Caribbean sport development

Given the foregoing analysis of our region’s sporting history, we can begin to better understand the challenges of developing our athletes.

In a world where sport is a major income-generating exercise, it is not surprising that money, which is often seen as the determination of one’s success in life, dictates human behaviour amongst athletes.

Coaches and agents have quickly learnt the tricks of trade that allows them to ride the backs of the athletes, encouraging them to expend resources on image-building rather than on crafting the dignity of the human person. When an athlete gets defeated the coaches and agents, financially sated, bail out, leaving the once-valued individual athlete to fend for himself, what is needed for the rest of his/her life.

Our governments have yet to engage in the deliberate understanding of sport and what it can do for the peoples of the Caribbean, individually and collectively. They use athletes as political fodder in time and space. They provide facilities but often locate them based on their political currency in elections, not on any other major criteria. The historic reality of political patronage runs rampant in this region, in sport as in virtually all other aspects of social life.

It is therefore a major challenge to persuade the leaders to bring scholarship to bear on scientific research on our sporting history and remarkable poential to create an approach to the growth and development of the industry as a major economic and social pillar.

We must immerse ourselves in continuous research building up storehouses of our findings and creating content on development options for all aspects of sport, especially regarding sustainable development and competition success.

There remains an embarrassijng assumption that talent will always naturally emerge amngst the Caribbean populations and that we do not have to invest in sport-education institutions covering all aspects of this important field of endeavur and development option.

Athletes can be found in every sector of a society – class, race, ethnicity, gender, religion and status. Anyone can aspire to become engaged in the different aspects of sport, one of the fastest growing industries in the world, but they have to be educated an dtrained in institutions that specialise in these areas.

There must be studies on our athletes. We must understand the socialisation processes that continue to impact each of our athletes and analyse how everyone has responded to them, and what they have done to produce the type of individual he/she has become or is in the process of becoming.

We can no longer believe that professional athletes will independently emerge from the bowels of our civilisation, as if by magic, and that they have no social, mental or other needs. We must engage our athletes in continuing education in the holistic sense. We must understand that athletes are truly human and must always be treated as such. They are not mere ‘hewers of wood and drawers of water’.

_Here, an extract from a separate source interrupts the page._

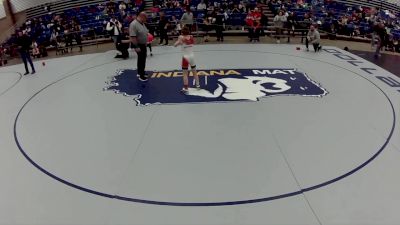 12U Boys - 70 lbs Quarters - Zander Smith, Midwest Xtreme Wrestling vs Gus Korniak, Bulldog Premier Wrestling Club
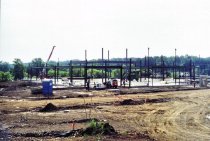 Bowman Library construction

While it is commonplace for some of our political leaders to trumpet the sporting successes of our athletes as evidence of the advancement of our Caribbean civilisation, all too often they heap the credit upon themselves and their particular ideological orientation. Mention of the others involved are at best decidedly brief, if at all.

Our media must play a major role in the development of our sport industry and not adopt the most cynical of approaches because they see that as the main focus of popular media in the advanced industrial nations of the world. We have an obligation to develop who we are and what we become in a rapidly changing world and our media must be sufficiently innovative to chart their own way of doing things. More attention must be paid to using the media to deliberately develop and consistently enhance our Caribbean culture. Sport is integral to that culture.